» PROVIDED DATA

((

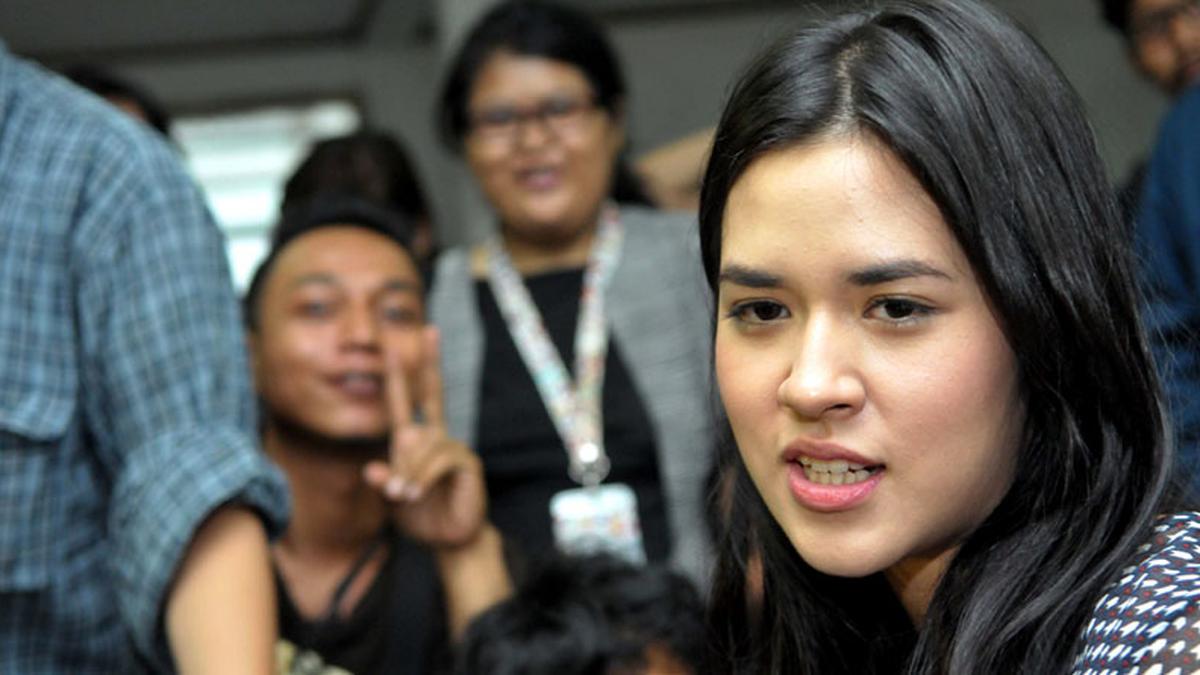 Raisa Ingin Ciptakan Lagu untuk Anak-anak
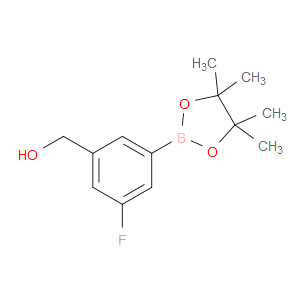 3-Fluoro-5-(hydroxymethyl)phenylboronic acid pinacol ester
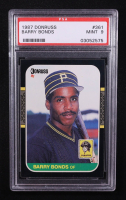 Barry Bonds 1987 Donruss #361 RC (PSA 9) at PristineAuction.com
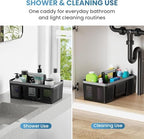 BYUNER Plastic Shower Caddy Dorm: Portable Cleaning & Shower Caddy - Image 2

))

» EXERCISE DESCRIPTION
Pick up at the line containing "Barry Bonds 1987" and copy each line exactly until the data ends, including that last line; copy no pictures.

» FINISHED TASK
 Barry Bonds 1987 Donruss #361 RC (PSA 9) at PristineAuction.com
 BYUNER Plastic Shower Caddy Dorm: Portable Cleaning & Shower Caddy - Image 2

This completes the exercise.